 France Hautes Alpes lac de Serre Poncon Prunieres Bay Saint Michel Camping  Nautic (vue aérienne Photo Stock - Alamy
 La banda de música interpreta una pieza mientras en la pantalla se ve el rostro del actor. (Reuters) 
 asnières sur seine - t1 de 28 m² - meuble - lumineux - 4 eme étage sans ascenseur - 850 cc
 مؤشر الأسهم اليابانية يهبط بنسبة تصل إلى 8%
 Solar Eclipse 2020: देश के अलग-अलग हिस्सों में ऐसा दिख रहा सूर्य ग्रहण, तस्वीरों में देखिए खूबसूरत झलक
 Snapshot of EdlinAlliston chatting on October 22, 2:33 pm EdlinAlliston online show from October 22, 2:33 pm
---
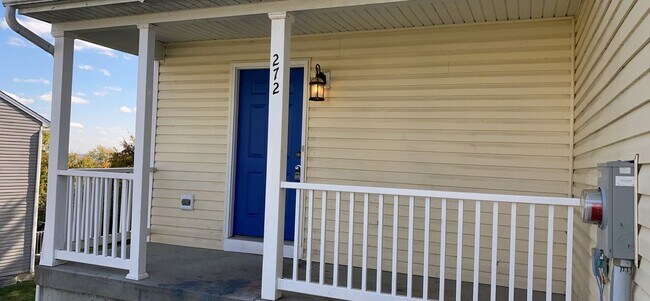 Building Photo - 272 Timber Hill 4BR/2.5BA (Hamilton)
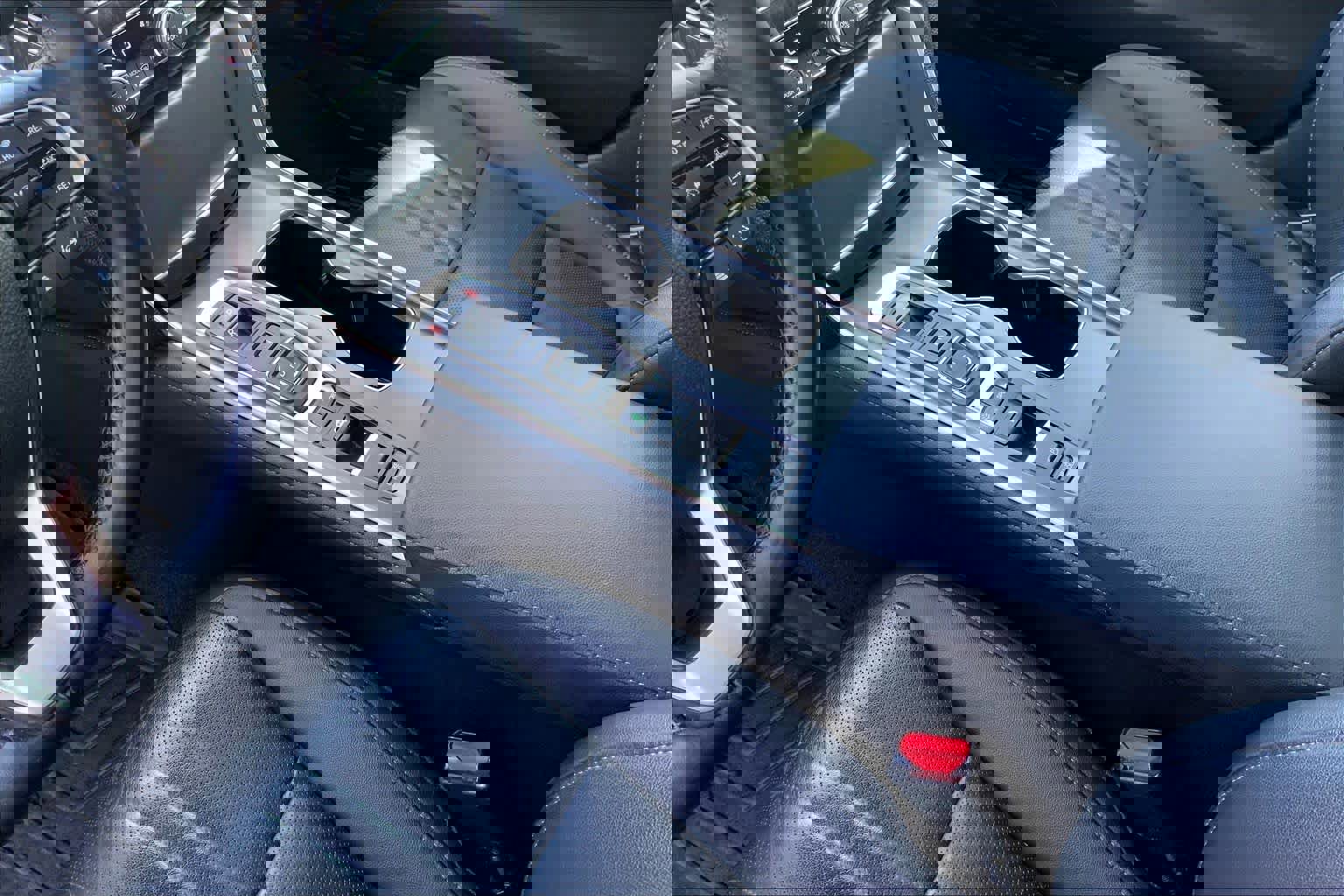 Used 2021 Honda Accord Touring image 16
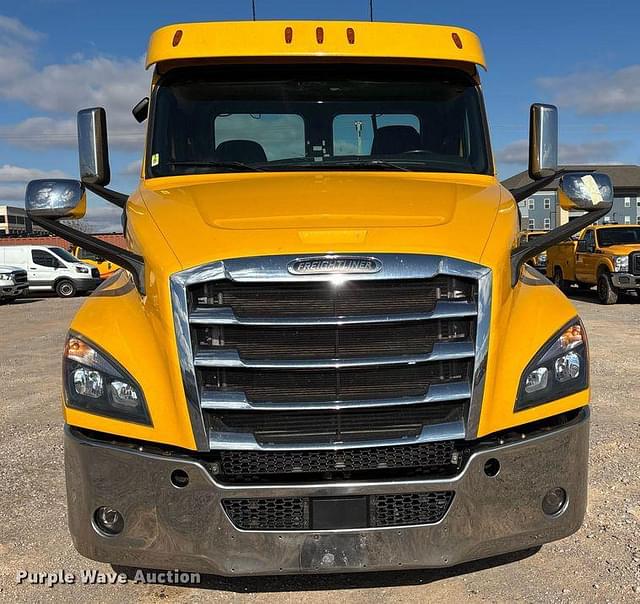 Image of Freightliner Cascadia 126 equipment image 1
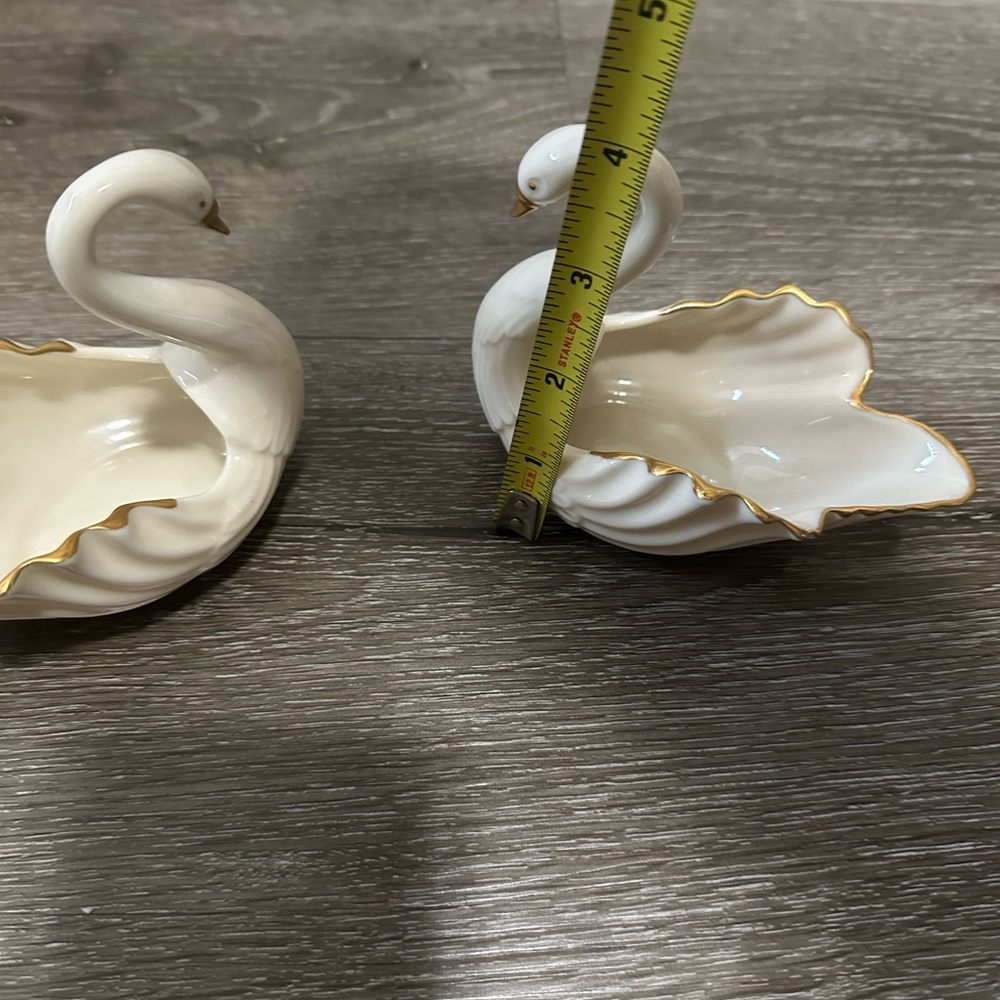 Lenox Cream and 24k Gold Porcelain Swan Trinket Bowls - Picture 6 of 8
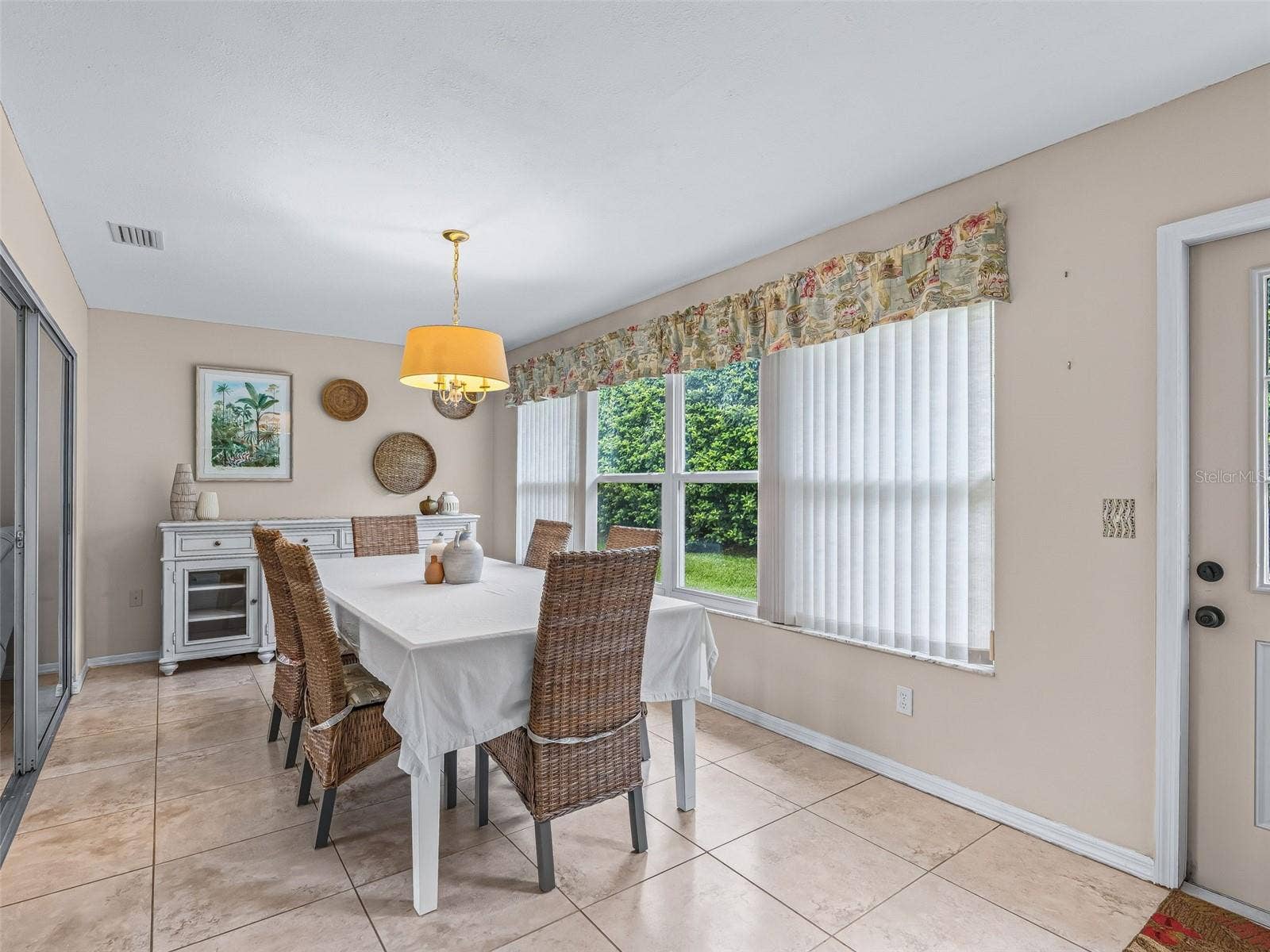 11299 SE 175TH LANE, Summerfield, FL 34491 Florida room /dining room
---
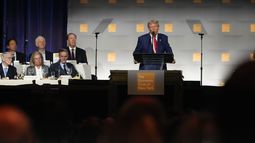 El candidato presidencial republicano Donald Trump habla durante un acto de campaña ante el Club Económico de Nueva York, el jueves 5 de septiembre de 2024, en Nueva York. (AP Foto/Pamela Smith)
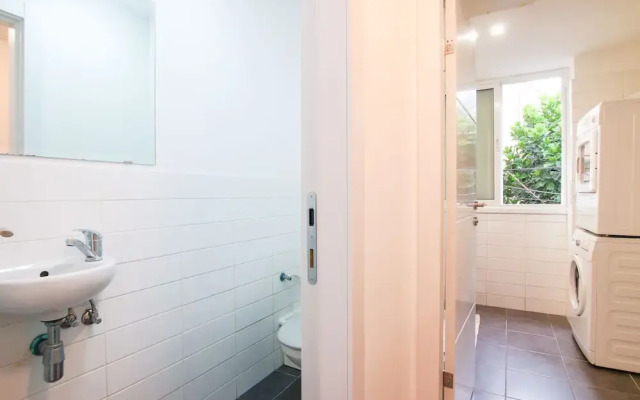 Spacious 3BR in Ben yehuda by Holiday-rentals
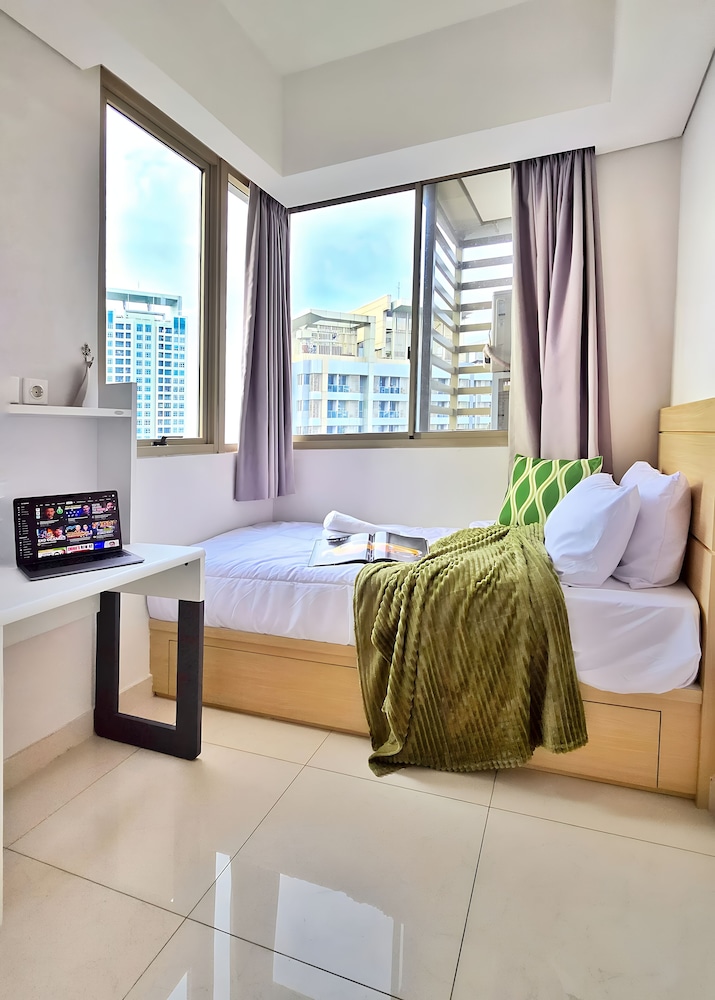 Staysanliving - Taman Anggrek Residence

Exercise details = Pictures aside, print exactly the lines above starting with the one containing "Building Photo - 272" and going on through the one containing "11299 SE 175TH".

Task result =
 Building Photo - 272 Timber Hill 4BR/2.5BA (Hamilton)
 Used 2021 Honda Accord Touring image 16
 Image of Freightliner Cascadia 126 equipment image 1
 Lenox Cream and 24k Gold Porcelain Swan Trinket Bowls - Picture 6 of 8
 11299 SE 175TH LANE, Summerfield, FL 34491 Florida room /dining room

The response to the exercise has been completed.